本コラムでは、1回目において「モンスター社員」、2回目において「子ども社員」と、職場を崩壊へ向かわせる典型的な事象について述べてきた。これらに共通している要素がある。「寛容性」の欠如である。3回目となる今回は、職場の崩壊の背景にある、この点について述べていきたいと思う。
キレて暴れる中高年
駅員への暴言や暴行というニュースにたびたび触れる。仕事中であって無抵抗の人に対する一方的な暴言や暴行ということで、暗い気持ちになる。こうした暴力行為は、日本民営鉄道協会等の調査によると、若い人たちよりも中高年に多いという。
本来、社会常識やマナーの手本となるべき中高年が、最もキレて騒いで、暴れてしまっているわけだ。こうした実態を見ると、「最近の若者は……」などと言っていられない状況にあることがわかる。どうして、このようなことになってしまっているのだろうか。

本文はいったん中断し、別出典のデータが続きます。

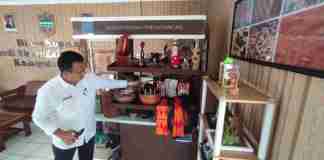Display Kerajinan
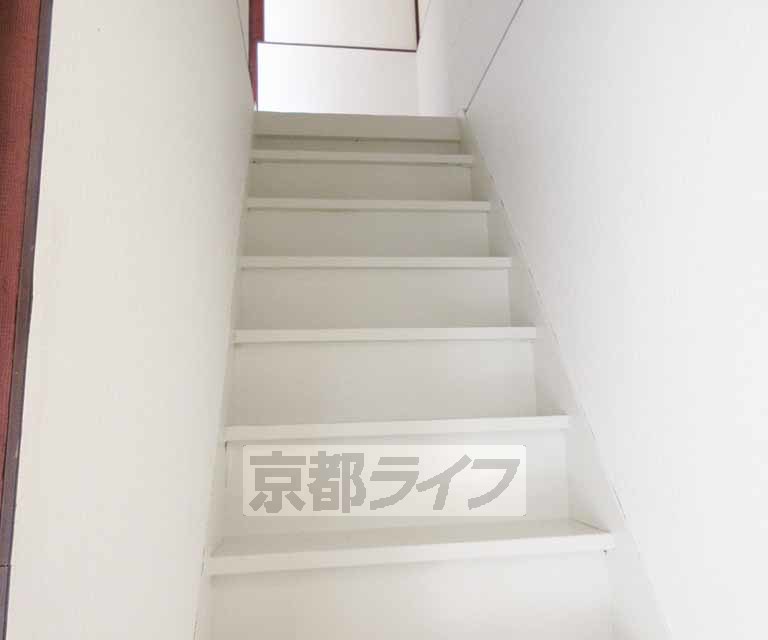 その他部屋・スペース　真っ白の階段・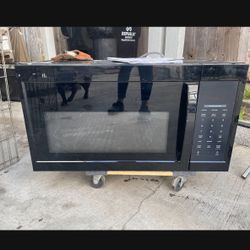Black Vissani over the range microwave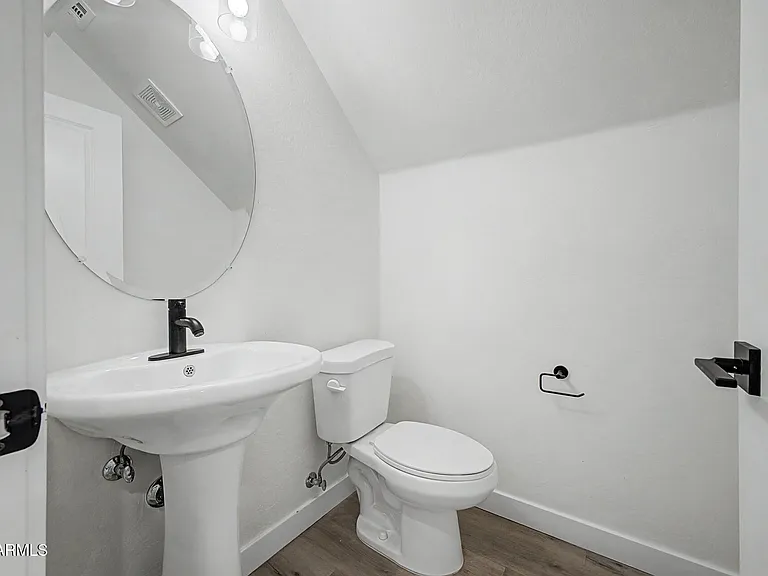 141 W Latona Rd — Photo 11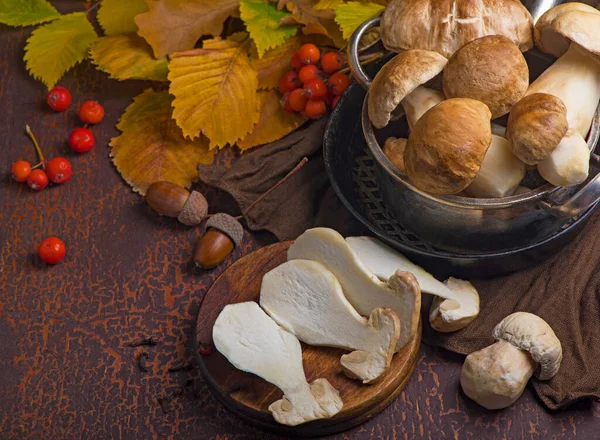 Pilz Steinpilz edulis über Holz Hintergrund, Nahaufnahme auf Holz rustikalen Tisch. Köstliche Bio-Pilze kochen. Gourmet-Essen — Stockfoto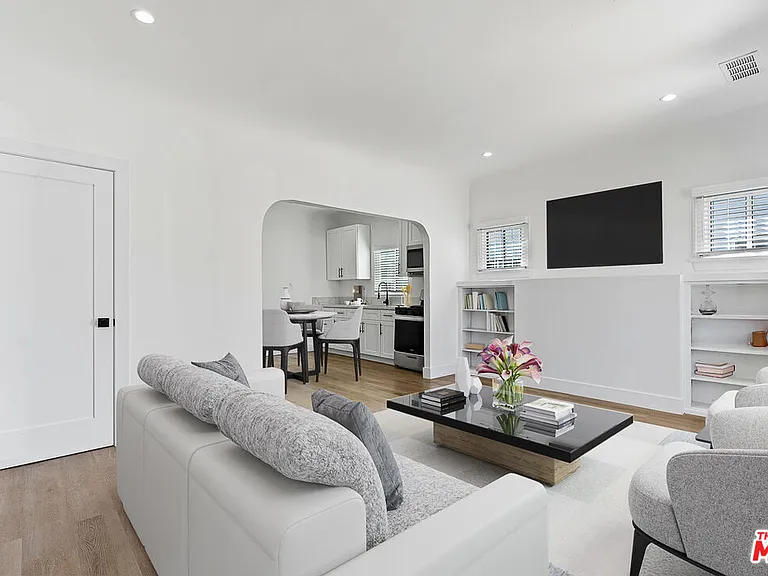 2832 12th Ave — Photo 8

心理学において、「欲求不満-攻撃仮説」という理論がある。欲求不満が高まると攻撃行動が喚起されるというものである。言い換えれば、攻撃行動の背景にはなんらかの欲求不満が存在し、欲求不満が強いほど、攻撃行動が誘発されやすいとされる。
暴言・暴行の実態を見るに、中高年の心の中に「こんなはずじゃなかった」「自分は報われていない」という思いがくすぶっていることが関係していると考えられる。満員電車での通勤、仕事上の厳しいノルマ、不公平な評価、残業の多さ、職場での居心地の悪さ、上司との折り合いの悪さ、低い報酬、仕事上のミスによる上司からの叱責、顧客からのクレーム等々。これらはすべて、社会的ストレッサーである。
こうしたことが重なり、「なんで自分だけがこんな目に遭わなければならないのか」という思いが欲求不満を生じさせ、攻撃対象を探しているような状況になっている可能性は高い。“やり場のない怒り”という表現があるが、そのような怒りを抱えている場合、その“やり場”を常に探している状態ともいえるであろう。ゆえに、ちょっとしたきっかけで暴発してしまうのである。とはいっても、職場で暴発させるわけにはいかないので、じっと我慢し、ますますストレスを溜め込む。そんなところへ、駅で気に入らないことがあった場合など、つい自分でも驚くほど攻撃的になってしまうのだ。